Give identifiers to entities contributing to a record. For example, instead of:

Shelfmark Author
MS-Iliad Homer

It should be:

Manuscript ID Shelfmark Author ID Author
1234 MS-Iliad 5678 Homer

Why? Not having an identifier means that the included entity (e.g. Homer) is "hidden" in text and cannot be matched to other occurences across the database. Some institutions choose to produce UUIDs as identifiers for each entity.
Note that if there are multiple authors either a new table would be neccessary or multiple rows of MS-Iliad would be required, each with a different author. This indicates the requirement for a so-called one-to-many relationship across entities which is difficult to replicate on a single spreadsheet.

Use external authorities

Allow space for external identifiers of entities.
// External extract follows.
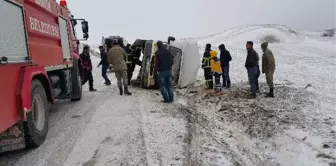 Kahta'da Kamyonet Şarampole Devrildi: 4 Yaralı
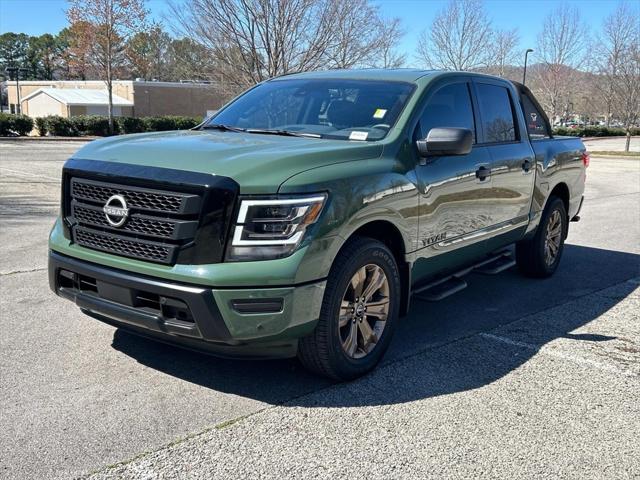 2024 Nissan TITAN Crew Cab SV 4x2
Instead of:

Author ID Author name
5678 Homer

It should be:

Author ID Author name External Authority External ID
5678 Homer VIAF 224924963
5678 Homer WikiData Q6691

Why? Linked data depend on establishing links with other datasets. This process is known as reconciliation or disambiguation. For example 5678 "Homer" is the same person as the one described in VIAF: https://viaf.org/viaf/224924963. It is useful for a database to be able to store external identifiers for entities (even external labels) to enable this linking. There are many authority files and thesauri which publish identifiers for their records. Make sure that when you are building your records you can capture these.

Reference images

Do not insert image files in your records. Only add the location as a reference to where the image can be seen. Preferably this should be a URL but in theory local paths are equally useful.